Setiap workload punya lifecycle berbeda. Memaksa semuanya memakai manifest yang sama adalah sumber failure produksi.


1. Kubernetes sebagai Runtime Control Plane

Kubernetes memberi primitives:

  • Pod;
  • Deployment;
  • ReplicaSet;
  • Service;
  • ConfigMap;
  • Secret;
  • Job/CronJob;
  • Probe;
  • Resource request/limit;
  • HorizontalPodAutoscaler;
  • PodDisruptionBudget;
  • NetworkPolicy;
  • ServiceAccount;
  • SecurityContext;
  • Ingress;
  • topology spread;
  • rollout/rollback.

Tetapi primitive bukan arsitektur.

Arsitektur lahir saat kita memutuskan:

  1. workload mana stateless;
  2. workload mana queue-driven;
  3. workload mana singleton;
  4. workload mana safe untuk parallel execution;
  5. readiness berarti apa;
  6. scaling metric apa;
  7. dependency outage harus membuat Pod restart atau tidak;
  8. rollout boleh overlap versi lama/baru atau tidak;
  9. secret/config berubah harus memicu restart atau tidak.

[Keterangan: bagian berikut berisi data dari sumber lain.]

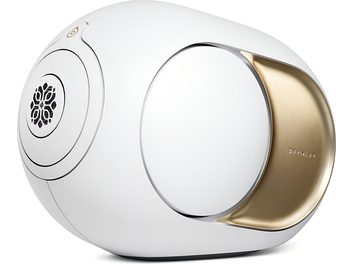 Devialet Phantom Ultimate 108 dB højtaler, Opéra de Paris, hvid plastikskal, gylden metalindsats, højre sidevisning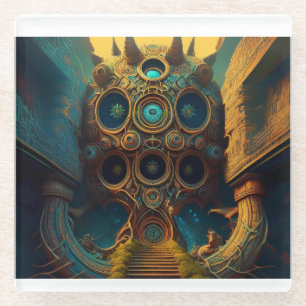 Fantasy Image: Entrance To Mysterious Chamber Glass Coaster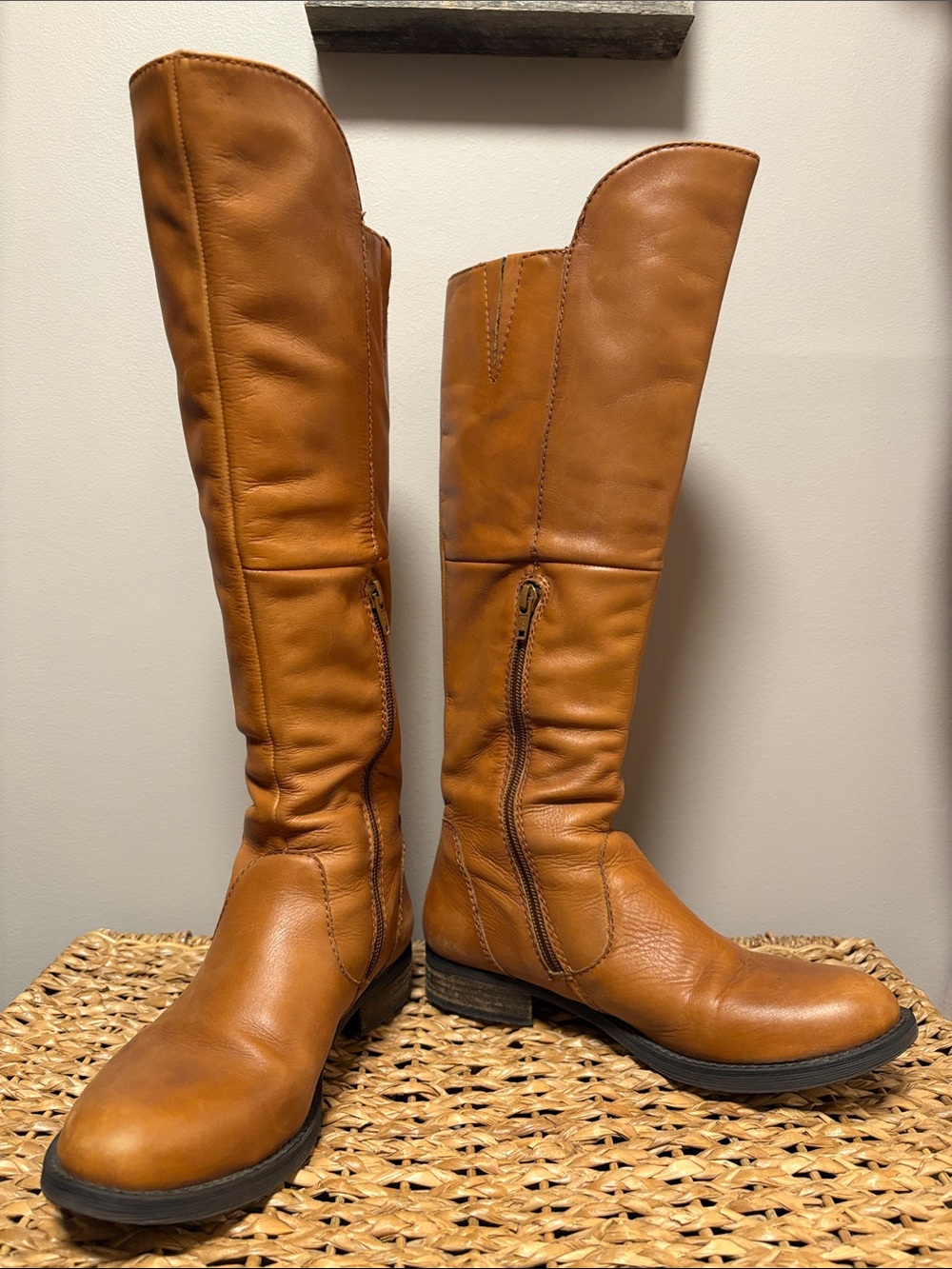 Steve Madden Tall Over-the-Knee Leather Boots in Cognac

2. Workload Taxonomy untuk Platform Ini

WorkloadKubernetes kindScalingReadiness basisShutdown priority
case-apiDeploymentrequest rate/latencyHTTP server + DB + configdrain HTTP requests
case-outbox-publisherDeploymentoutbox lagDB + Kafka producer + not shutting downfinish claimed batch
case-event-consumerDeploymentKafka lag/processing latencyKafka + DB + compatible schemastop poll, finish current records
case-process-adapterDeploymentcorrelation backlogKafka/DB/Camunda availabilityavoid duplicate correlation
case-reconciliationCronJobscheduleDB migration versionbounded batch
case-migrationJobone-shotN/Afail loud

Prinsip:

Use different Kubernetes workloads when the runtime lifecycle is different.


3. Namespace Boundary

Untuk platform regulatory case, minimal namespace separation:

case-dev
case-test
case-staging
case-prod

Atau per domain:

enforcement-prod
shared-observability
shared-ingress
shared-data

Yang penting: namespace bukan security boundary sempurna, tetapi ia adalah boundary operasional untuk:

  • RBAC;
  • resource quota;
  • network policy;
  • secret scope;
  • deployment ownership;
  • observability filter;
  • blast radius.

Contoh Namespace:

apiVersion: v1
kind: Namespace
metadata:
  name: enforcement-prod
  labels:
    app.kubernetes.io/part-of: case-platform
    environment: prod

4. Label dan Annotation Contract

Label bukan kosmetik. Label dipakai oleh selector, dashboards, alerts, cost allocation, policy, dan deployment tools.

Baseline labels:

labels:
  app.kubernetes.io/name: case-api
  app.kubernetes.io/instance: case-api-prod
  app.kubernetes.io/component: api
  app.kubernetes.io/part-of: case-platform
  app.kubernetes.io/version: "1.8.3"
  app.kubernetes.io/managed-by: gitops
  environment: prod

Jangan ubah label selector sembarangan. Selector Deployment/Service adalah contract. Perubahan yang salah bisa membuat Service mengarah ke Pod yang salah atau Deployment kehilangan ownership.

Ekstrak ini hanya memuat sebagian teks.